- Прежде-то я все Григорию Ивановичу писал, мы ведь все с ним советовались. Командир-то он был первейший, да и то надо помнить, что из агрономов, землю-то понимает, где мак, а где так - отличит. А теперь кому же? Мамаше нашей - Ольге Петровне...

- Ты дай человеку словечко вымолвить, - заступилась за Маркова статная, густо замешанная, проворная и сильная Анисья.

Но куда там! Савелий сыпал и сыпал, как зерном из пригоршни.

- Как жизнь, Савелий? Как идут дела?

- Хозяинуем. Полешко к полешку - вот и дрова.

Узнав от Маркова о судьбе его родителей, Савелий ничуть не удивился:

- Ты разве не знал? Слушок-то давно ходил про это, еще до того, как город Одессу брали. А что ты хочешь? Одно слово: капиталисты. Хорошего от них не ждать.

Марков подумал, что у Савелия все просто получается, все у него свое место имеет и свое назначение, все у него по-своему. Вон и о Котовском он как о живом говорит.
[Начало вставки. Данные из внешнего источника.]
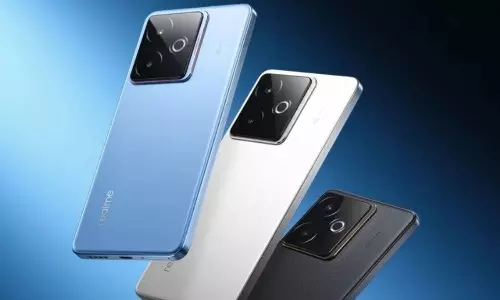 Realme GT 7 Series: రియల్మి కొత్త ఫోన్లు. పవర్ఫుల్ ఫీచర్స్ రేంజే వేరు.. లాంచ్ ఎప్పుడంటే..? Realme GT 7 Series: రియల్మి కొత్త ఫోన్లు. పవర్ఫుల్ ఫీచర్స్ రేంజే వేరు.. లాంచ్ ఎప్పుడంటే..?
Марков находился под впечатлением того, что узнал от Карпенко. В дороге было рассеялся, а сейчас опять все время ловил себя на мысли об отце, об истязаниях, которые тот, видимо, претерпел, о матери, о том, почему же она очутилась в больнице, о Татьянке, которая исчезла бесследно, но ведь где-то она должна же быть? Бессилие, невозможность узнать что-нибудь точнее, подробнее были мучительны. Нельзя ни пойти справиться, ни поехать искать...
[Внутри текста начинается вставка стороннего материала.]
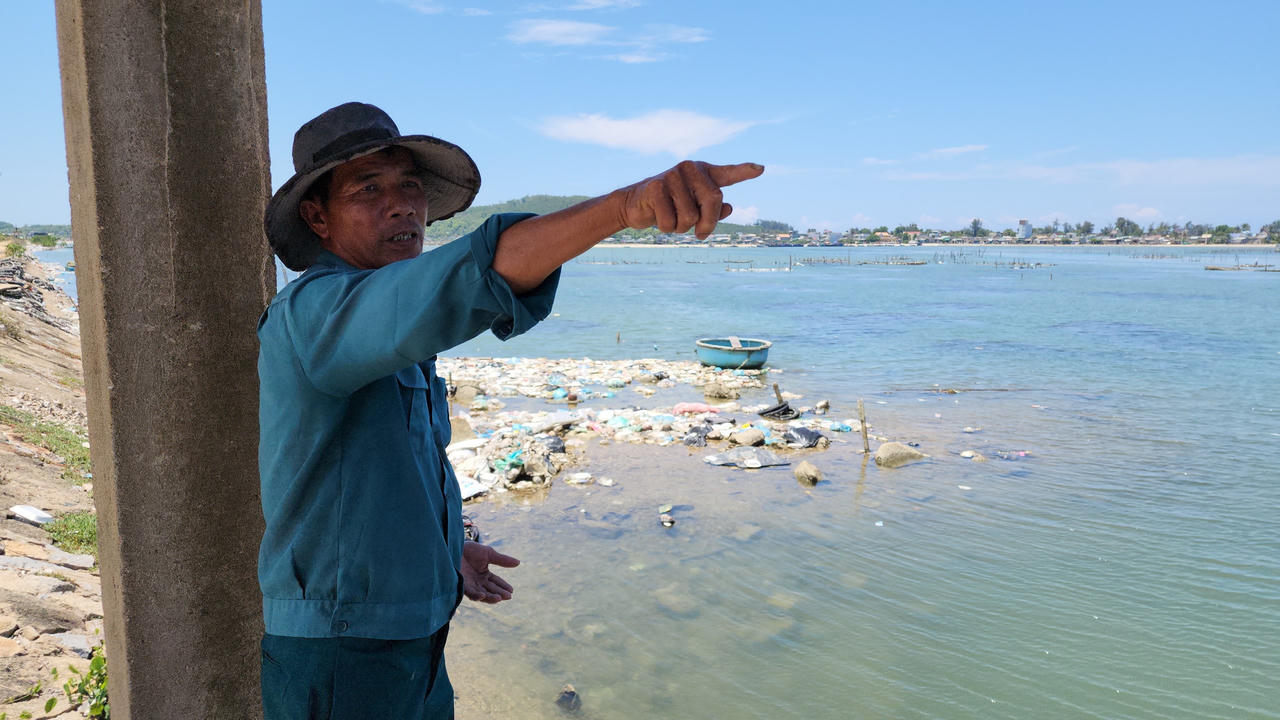 Hình ảnh rác thải bủa vây đầm nước mặn Sa Huỳnh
Может быть, Карпенко напутал? Может быть, все не так? У Маркова была смутная надежда услышать от Савелия какие-то мудрые слова утешения, соболезнования, участия. Капиталисты! И Карпенко говорил 'капиталисты'. А Маркову от такого объяснения не легче. Отца замучили, мать умерла, всеми покинутая, на больничной койке... сестра пропала без вести... До каких же пор будут людей мучить, разлучать, истреблять? Какая-то ненасытная прорва, заглатывающая поколение за поколением!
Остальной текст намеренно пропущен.